Arno Gruen: “Ich will eine Welt ohne Kriege”, Klett-Cotta[1]
Unsere Kultur und unser Wirtschaftssystem setzen auf Konkurrenz statt Kooperation. Wer gewinnt, ist ein Held. Helden sind ganz wichtig, mit ihnen kann man sich identifizieren, gerade weil kaum noch Platz für Mitgefühl bleibt. Flüchtlinge, die in Mittelmeer ertrinken; griechische Mütter, die kein Geld haben, um mit ihrem Neugeborenen zum Kinderarzt zu gehen, weil das öffentliche Krankenversicherungssystem nahezu zusammengebrochen ist; Flaschen sammelnde Hartz-IV-EmpfängerInnen in München – kein Platz für Mitgefühl und Solidarität.
Gewalt wird in unserer Gesellschaft heroisiert, spätestens nach 9/11 begann der Krieg gegen den Terror, der Kampf “Gut” gegen “Böse”. Wer einen Terroristen tötet, ist ein Held. Militärisches Eingreifen in Afghanistan, Irak, Libyen und Syrien gehören zum politischen Handwerk des Westens, sind also auch Teil unserer Kultur. Das Erbe von 500 Jahren europäischer Kolonialgeschichte schimmert da mehr als deutlich durch.
Diese Kultur braucht Feindbilder. Nur so lässt sich der Konkurrenzkampf aufrecht erhalten. In wirtschaftlich stabilen Zeiten fällt das vielleicht weniger auf, aber die Ressentiments gegen Ausländer, Arbeitslose, Andersgläubige, Schwule und Lesben etc. sind auch in Deutschland stark verbreitet, wie die Untersuchungen zur “Gruppenbezogenen Menschenfeindlichkeit” [1] der Uni Bielefeld deutlich zeigen. Der Hass und die Verachtung, die darin deutlich werden, sollten uns alle alarmieren. Denn in Krisenzeiten steigt dann die Gewaltbereitschaft. Was dann passiert, können wir in der Ukraine, aber auch in Griechenland z.B. mit der offen neonazistischen Partei Chrysi Avgi (goldene Morgenröte) mit Schrecken beobachten.
Mit Feindbildern lassen sich auch Menschen für Kriege mobilisieren. Es muss sich zum Beispiel nur um eine “gerechte Sache” handeln, die von verantwortungslosen Politikern oder selbsternannten Führern erfolgreich propagiert wird.
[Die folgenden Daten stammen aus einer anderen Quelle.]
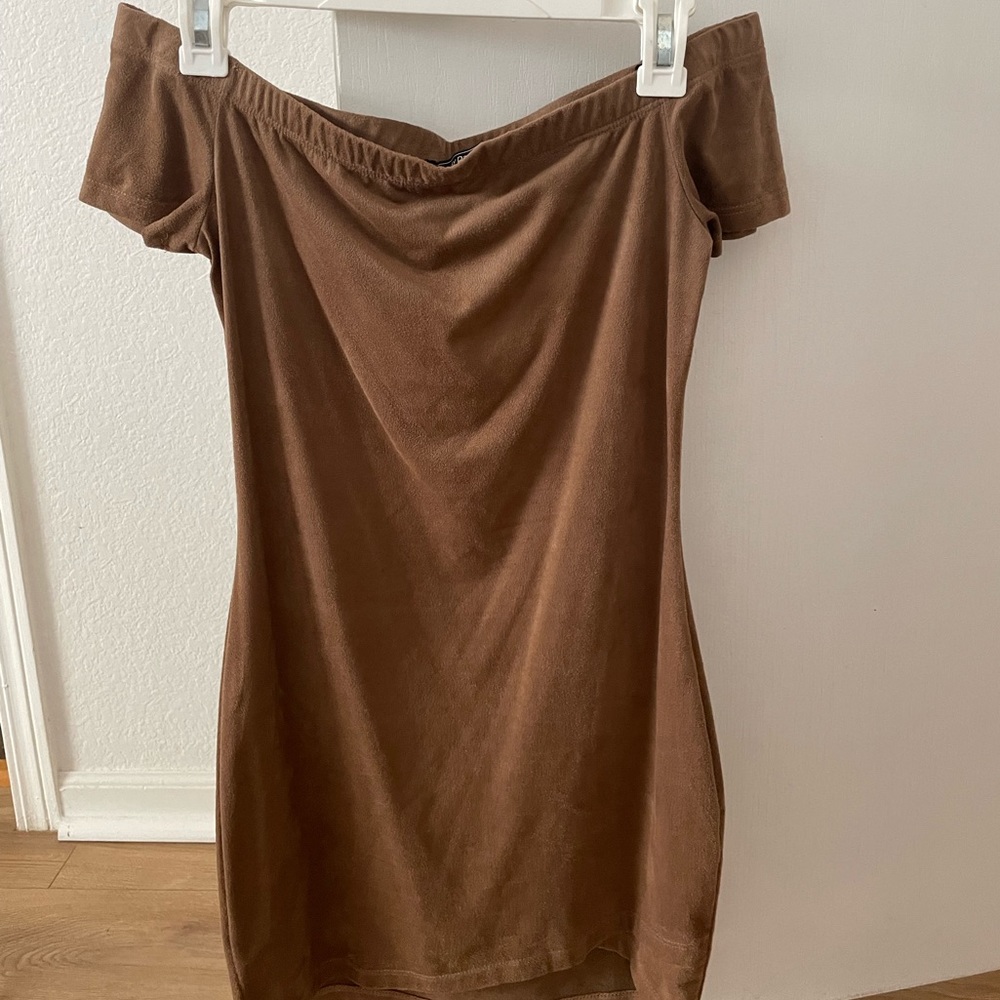 Suede off the shoulders mini dress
Kriege können verhindert werden – und sie müssen es auch. Das heißt aber auch, wir müssen über Macht und Märkte, über die Grundlagen unseres Wirtschaftssystems dringend reden. Hier gibt es sicher zwei Wege, die zugleich beschritten werden können. Zum einen müssen wir aufklären, die ökonomischen Hintergründe aufdecken, die zu Ausbeutung von Menschen und Rohstoffen und zu Verteilungskonflikten um Erdöl, Erdgas sowie Rohstoffe und im Zuge des Klimawandels auch zunehmend um Wasser und Lebensmittel geführt werden. Ohne Aufklärung werden wir von der Wirklichkeit ferngehalten und erleben es als ganz normal, dass die größte Militärmaschine der Geschichte mit der Rhetorik von Menschenrechten und Christlichkeit sehr fundamentalistisch denkt und agiert, um die Macht- und Herrschaftsinteressen von einigen Wenigen abzusichern.
Zum anderen gibt es aber auch die persönliche Ebene. Wir müssen uns auch bewusst werden, dass wir Menschen miteinander verbunden und voneinander abhängig sind. Liebe und Mitgefühl sind es, denen wir Raum geben sollten. Reden wir miteinander. Über unsere Ängste, Sorgen, aber auch darüber, wie wir im kleinen anfangen können, solidarisch miteinander zu sein. Bei uns, mit den Menschen in Griechenland, in Syrien, in Bangladesch, in Nigeria, in der Ukraine, im Südsudan. Überall. Reden wir darüber, wie wir uns befreien von unserer Kultur, die auf Macht, Besitz und Herrschaft basiert, wie wir miteinander kooperieren und all unsere Feindbilder überwinden können.